• WHAT IS BEING ASKED: Exact copy, no pictures: output each line below as it stands.
═════ DATA EXTRACTS
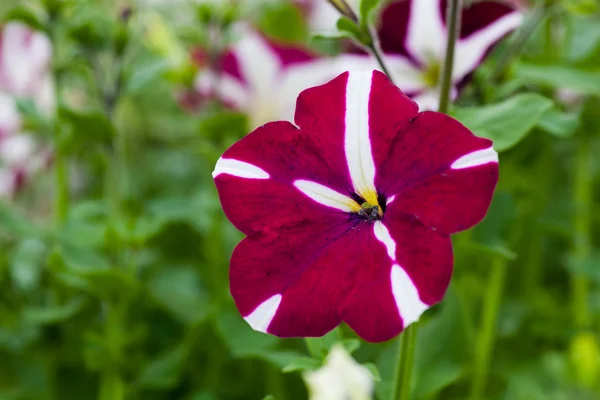 Image pleine de pétunia coloré Petunia hybrida fleurs — Photo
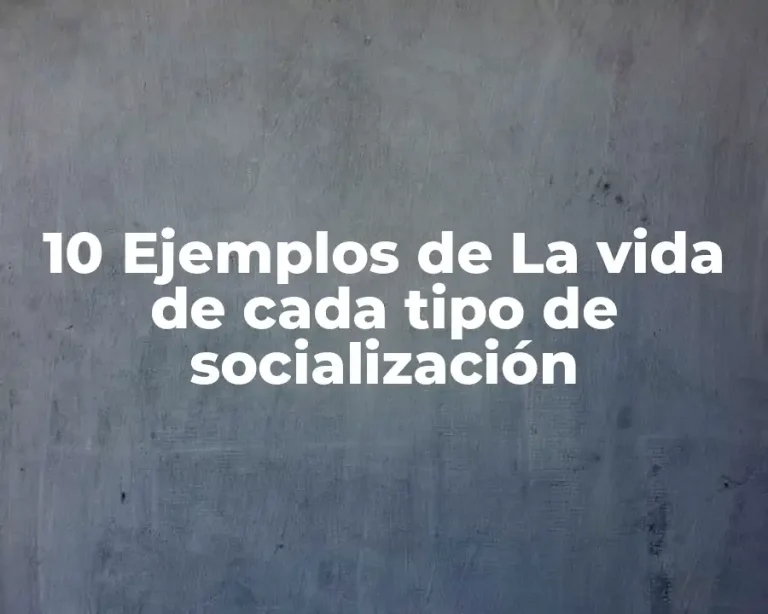10 Ejemplos de La vida de cada tipo de socialización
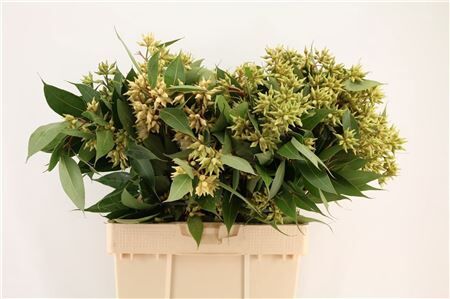 Euca Robusta Berry Fruits P Bunch
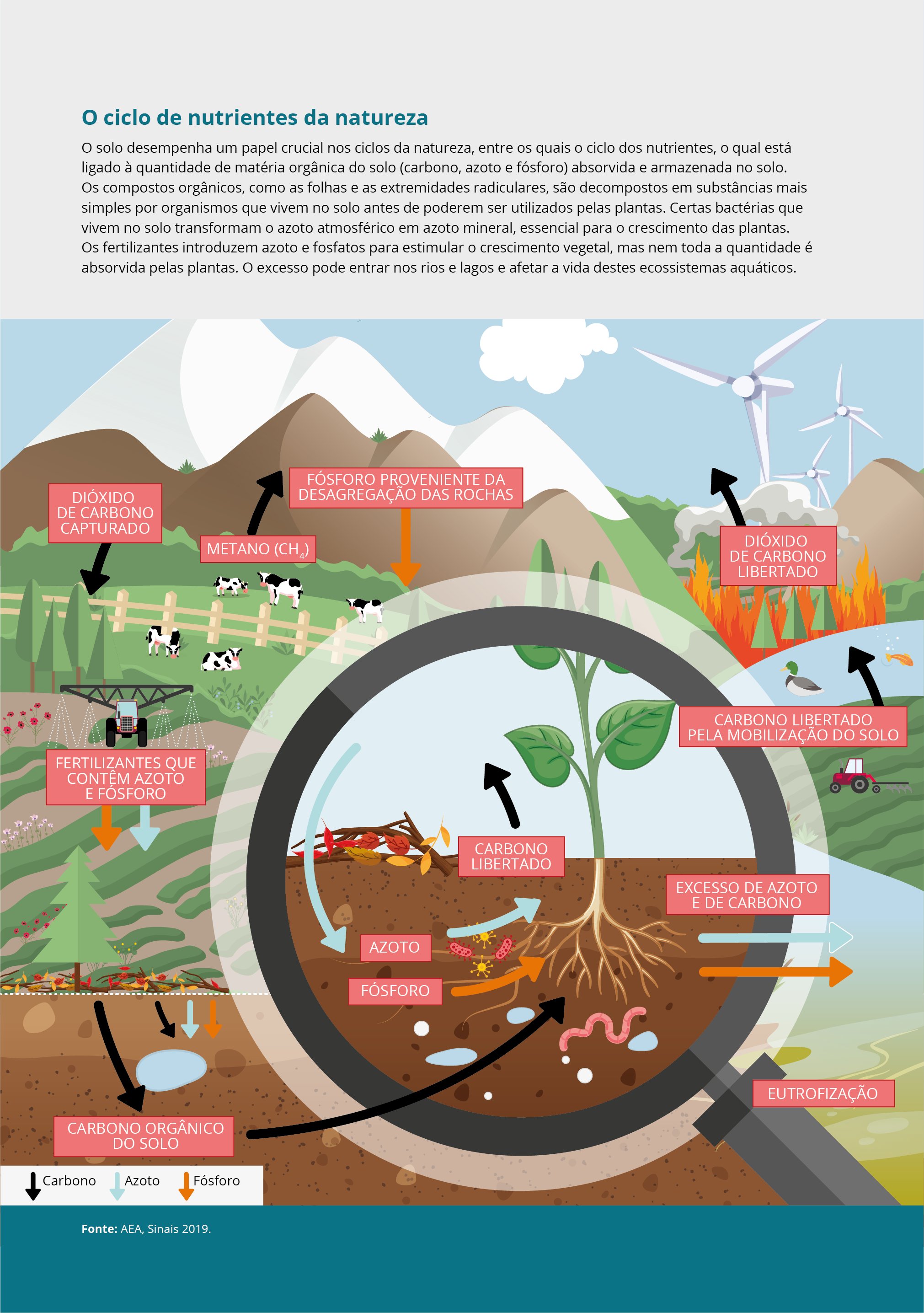 O ciclo de nutrientes da natureza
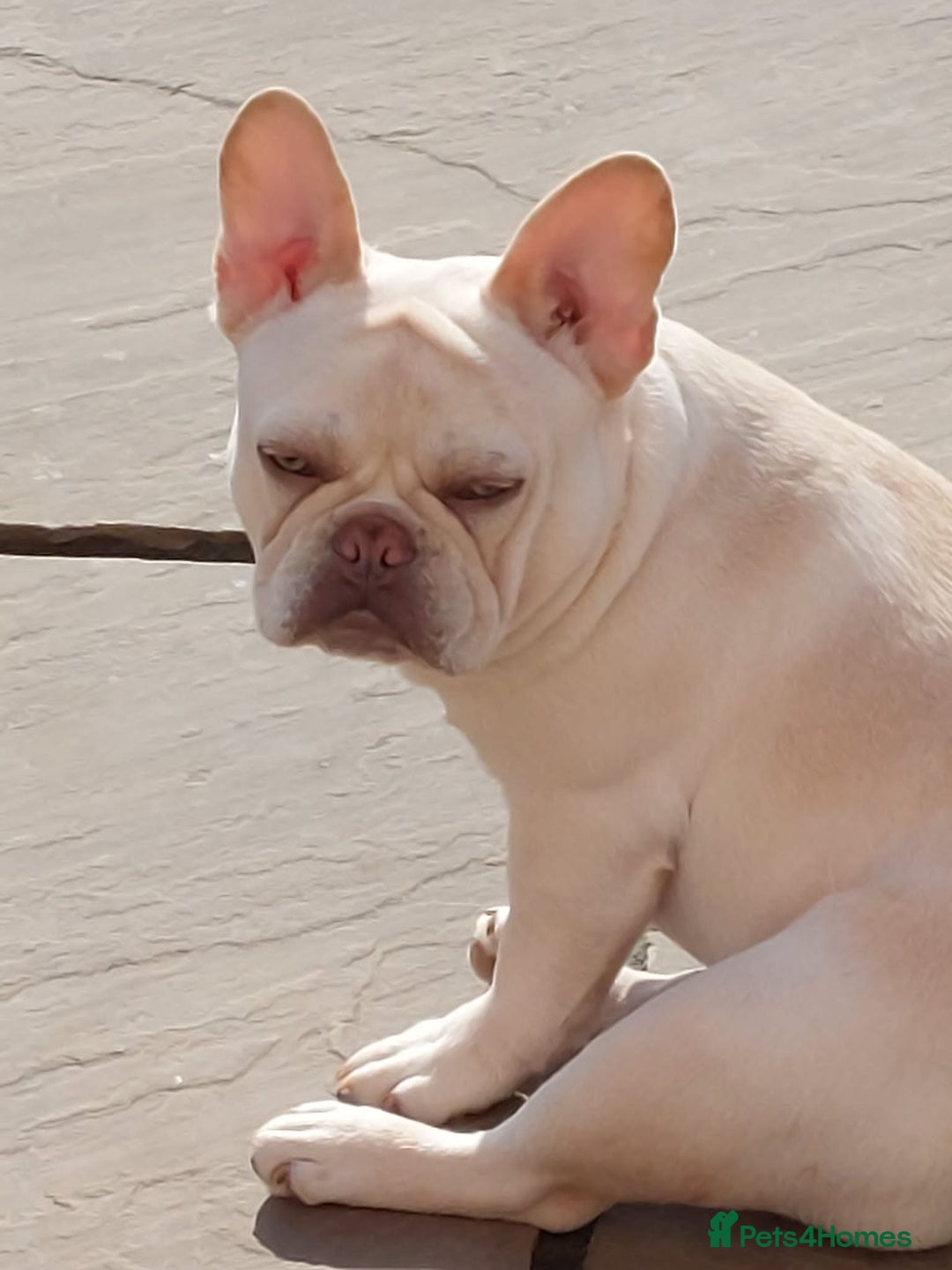 French Bulldog dogs for stud: 5 PANEL HEALTH CLEAR CHARLIE VERY WELL PROVEN! - Image 35
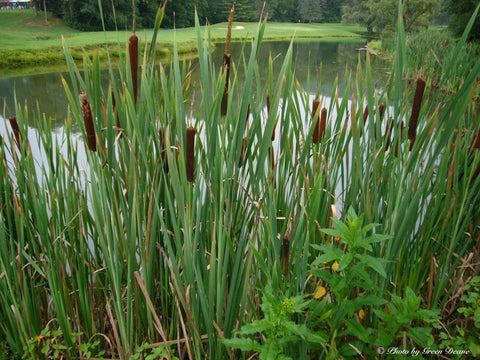 Cattail (Typha Latifolia)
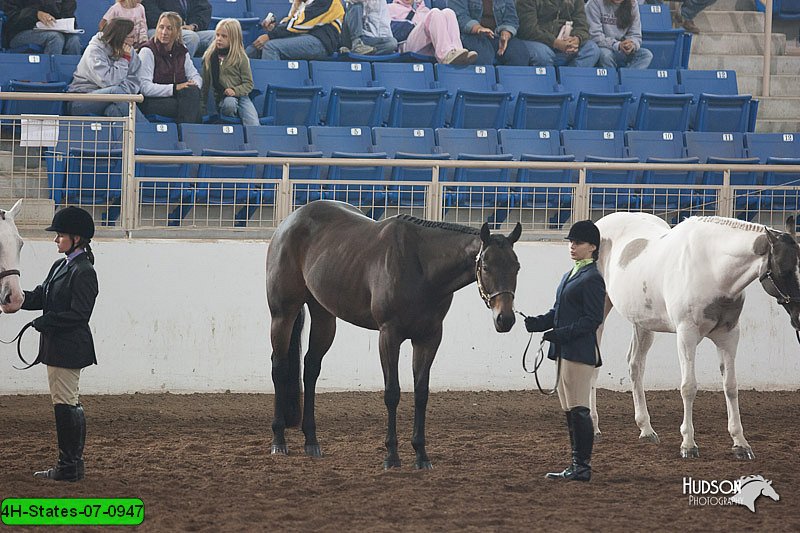 4H-States-07-0947.jpg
══════════
• TASK RESULT:
 Image pleine de pétunia coloré Petunia hybrida fleurs — Photo
10 Ejemplos de La vida de cada tipo de socialización
 Euca Robusta Berry Fruits P Bunch
 O ciclo de nutrientes da natureza
 French Bulldog dogs for stud: 5 PANEL HEALTH CLEAR CHARLIE VERY WELL PROVEN! - Image 35
 Cattail (Typha Latifolia)
 4H-States-07-0947.jpg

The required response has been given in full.